111 Playing the Game: Getting Leaders and Learners to Go for Gamification
10:45 AM - 11:45 AM Tuesday, March 26
Games and Gamification
Salon 17
You know that making your online training more interactive could produce tremendous results. But maybe your company is very conservative, maybe a previous gamified training went horribly wrong, or maybe you’re just not sure how to make existing material more engaging. How can you get the leaders and learners at your organization to trust you to turn training content into meaningful game-like experiences?
This session will equip you with resources you can implement immediately to bring effective gamified training to your audience. You will get inside the mind of your audience by considering how unstated goals and assumptions might be blocking their ability to accept gamification strategies. You’ll discover how to grab your stakeholders’ attention by linking gamified training methods involving feedback, challenges, and interactivity to business improvement. This approach guides expectations toward learning outcomes and results, opening the door to 10 creative learning opportunities that promote engagement, motivation, learning, and problem-solving. Regardless of your authoring tools, you can design countless variations of these methods to customize effective game-based instruction.

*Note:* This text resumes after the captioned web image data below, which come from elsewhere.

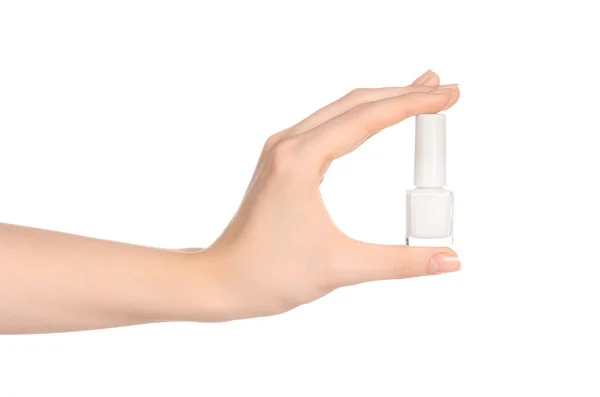 Manicura y belleza: la mano de una mujer sosteniendo una botella de esmalte de uñas blanco aislado sobre un fondo blanco en el estudio — Foto de Stock
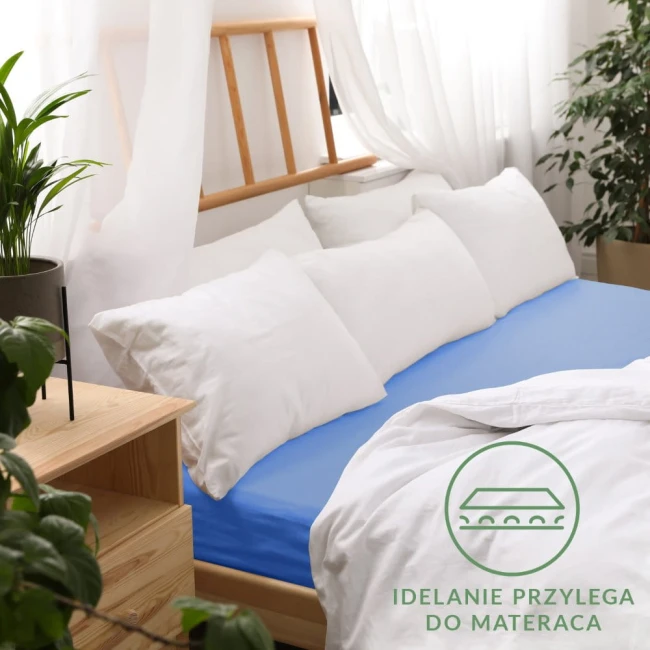 Prześcieradło jersey z gumką 160x200 w kolorze chabrowym, leżące na łóżku, idealnie przylega do materaca. Otoczenie to jasne poduszki oraz drewniane elementy mebli. Widoczne napisy na materiale z informacją o dopasowaniu.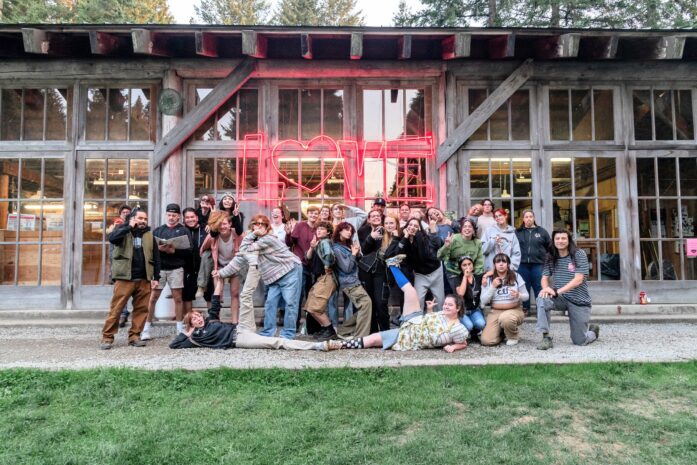 Group photo of Hilltop Artists staff and students posed under a large neon 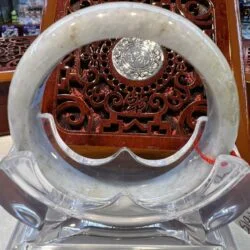 A white jade bracelet sitting on top of a clear glass bowl.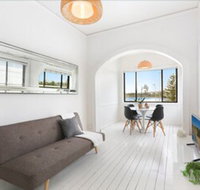 Minimalist Beachfront Apartment - Accommodation Brisbane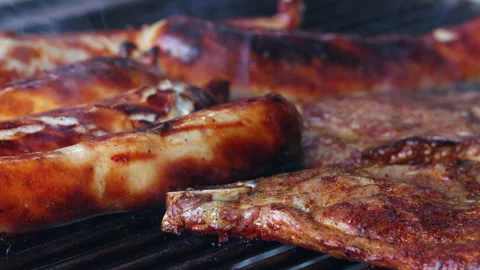 Close-up of 5 sausages and two slices of meat on a grill. The sausages are Stock Footage 163051287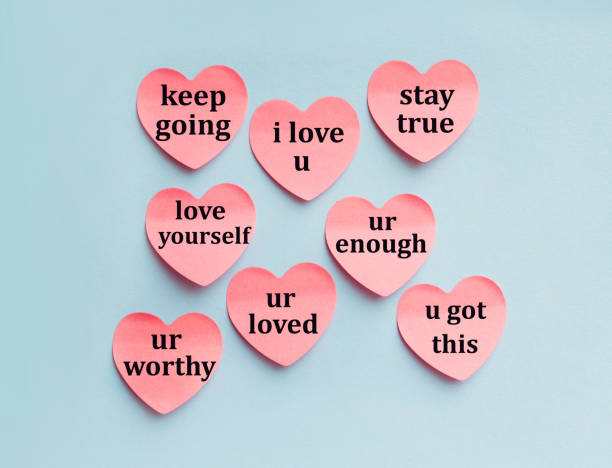 istock Love you written on many heart shape sticky notes 2010670343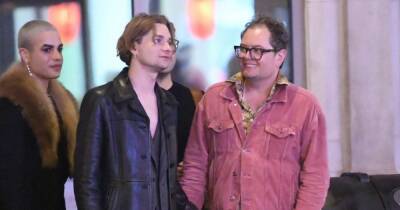 Alan Carr pictured holding hands with male friend as he lets his hair down after Paul Drayton split - www.ok.co.uk - London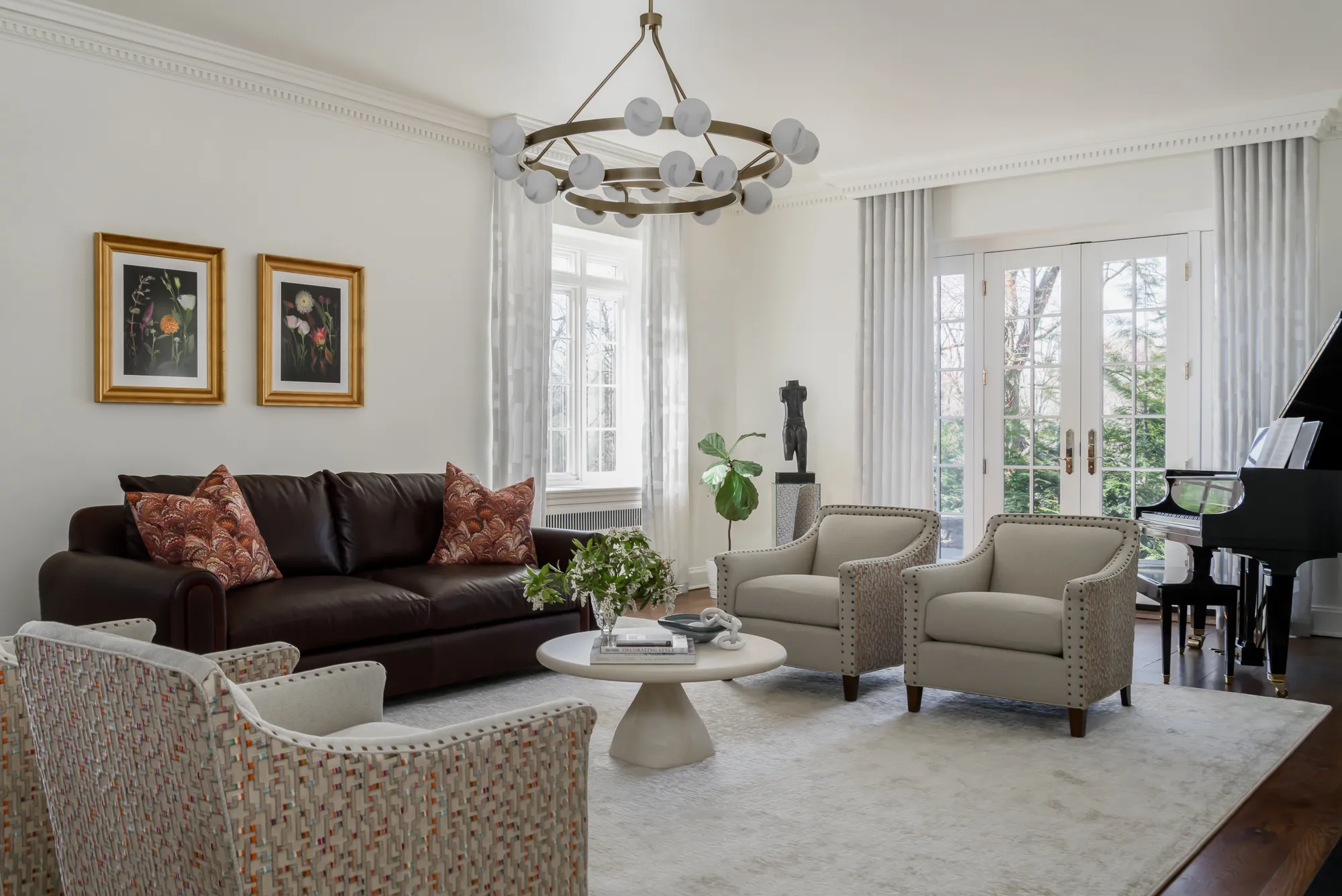 Light-filled living room with leather sofa, upholstered chairs, and grand piano designed by Lennon Nora Interior Design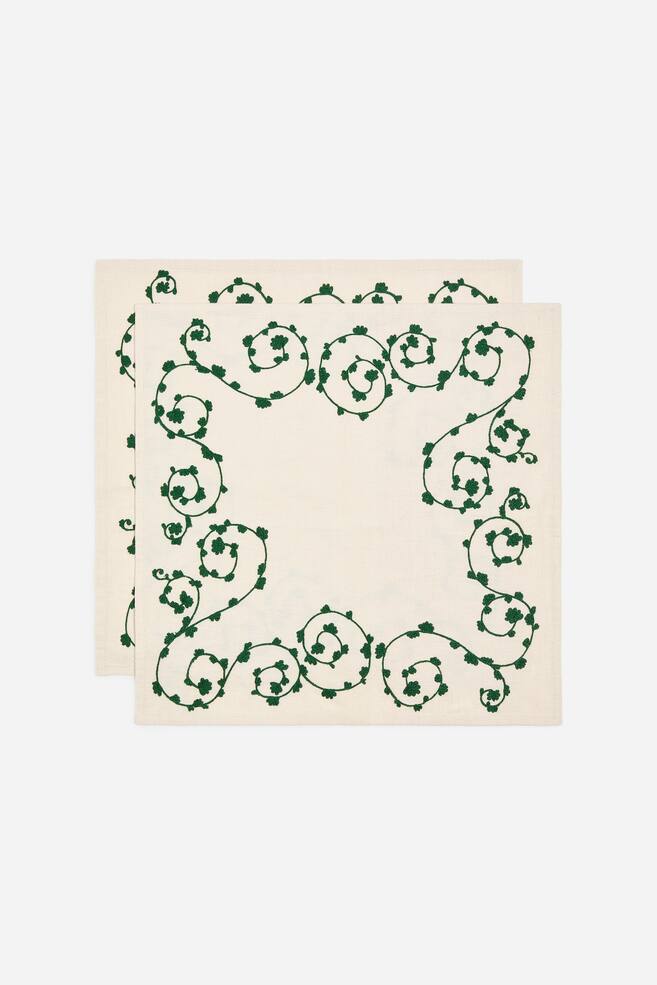 TvÃ¥ fyrkantiga servetter i benvitt tyg visas plant frÃ¥n en frontvÃ¤nd vinkel, staplade nÃ¥got fÃ¶rskjutet ovanpÃ¥ varandra. Varje servett har en grÃ¶n broderad bÃ¥rd med slingrande vinrankor och smÃ¥ blad som ramar in en enfÃ¤rgad mitt. - 1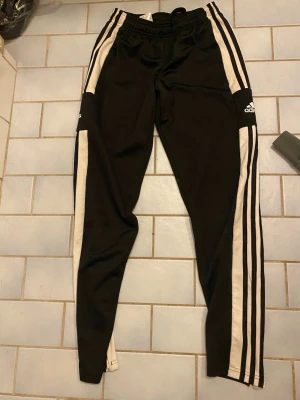 Adidas byxor med vita ränder  - Jag säljer Adidasbyxor med vita ränder och adidas loggan i vänster ben med skönt tyg oklart om det är bomull kan användas när du ska göra nån sportig sak 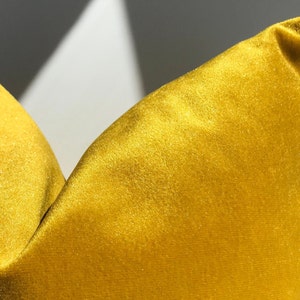 May include: A close-up of a yellow velvet pillow. The pillow is soft and plush, with a subtle sheen.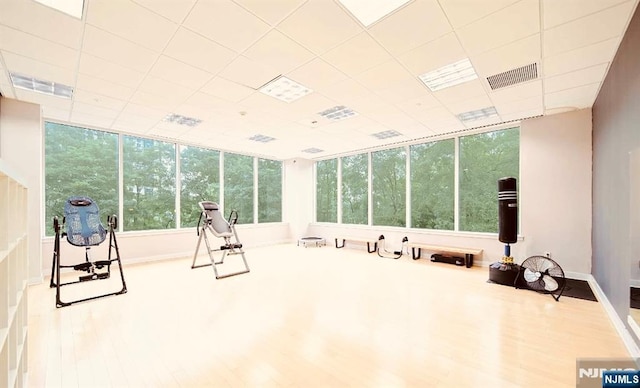 exercise room featuring visible vents, a drop ceiling, and wood finished floors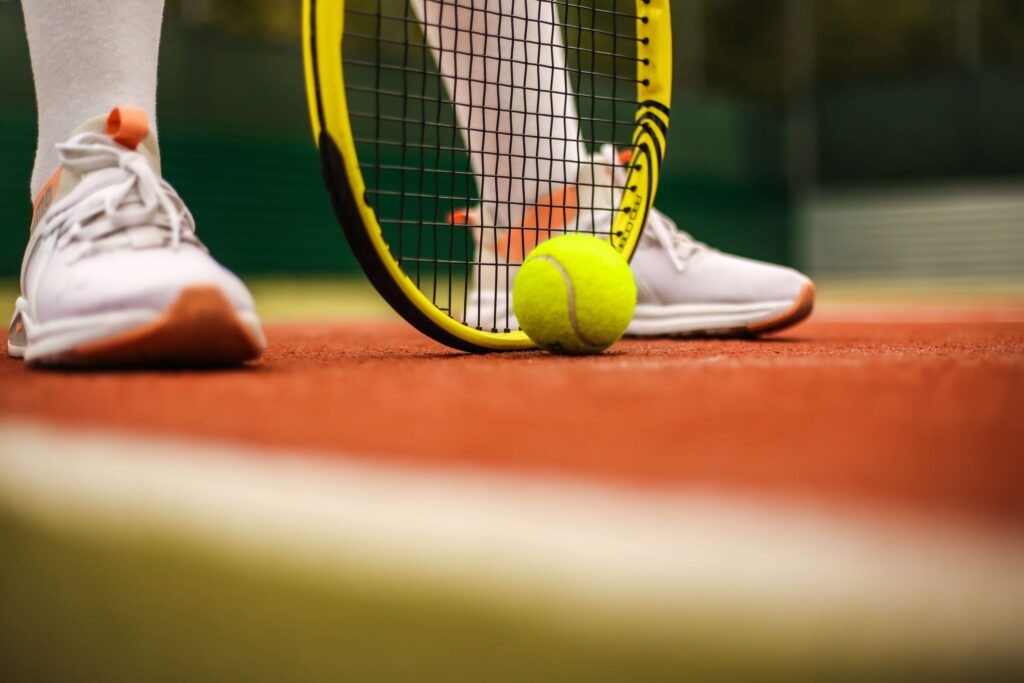 Close-up of a tennis player standing on a clay court, embodying the spirit of spring sports for kids with white sneakers accented in orange. A tennis racket stands upright beside a bright yellow ball, ready to inspire young athletes.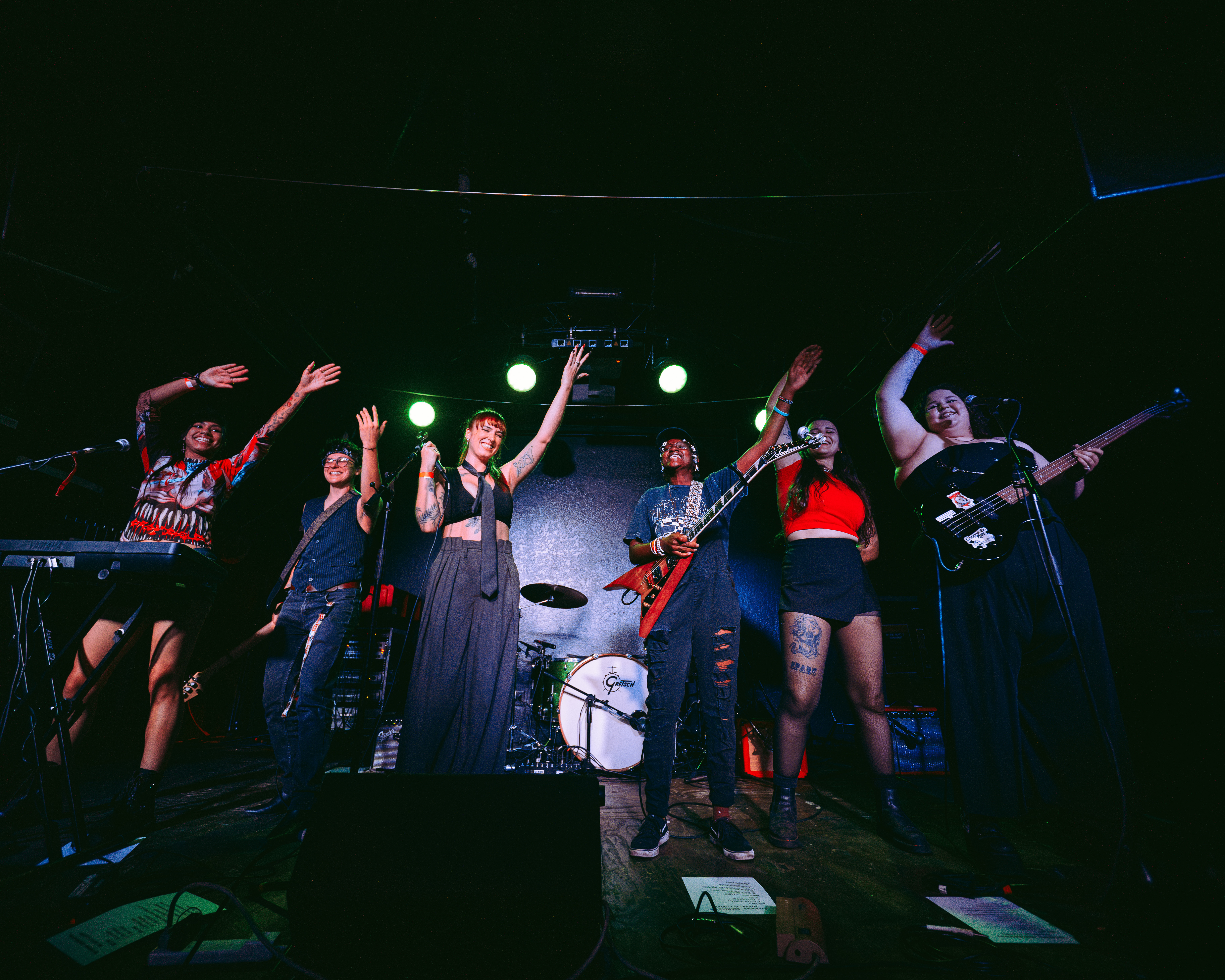 Bite Marks and friends standing together onstage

In this session, you will learn:
- How to recognize and address your audience’s current expectations about gamification
- What game-like concepts most impact business results
- About 10 computer-based techniques to improve learners’ satisfaction: chat, choices, contests, evaluation, graphic text, interviews, simulations, stories, videos, and writing
- How to achieve real-world learning by applying game thinking to your design process
Audience:
Designers, developers, and managers
Technology discussed in this session:
Jabber and other chat apps; Articulate Storyline, Adobe Captivate, and other eLearning tools; Adobe PowerPoint and Illustrator; GoAnimate and VideoScribe; LMSs
Michelle Monroe
Training Developer
Baker Donelson
Michelle Monroe, a training developer at Baker Donelson, is an advocate for experiential learning with an MEd and more than 15 years of experience. As a trainer and designer, she has worked with subject matter experts from sole proprietors to Fortune 100 companies, distilling valuable information into meaningful classroom and online solutions. She uses every project to combine an artist’s creativity with pedagogical methods, making subjects engaging and interactive. Her goal is to inspire every potential student to love learning.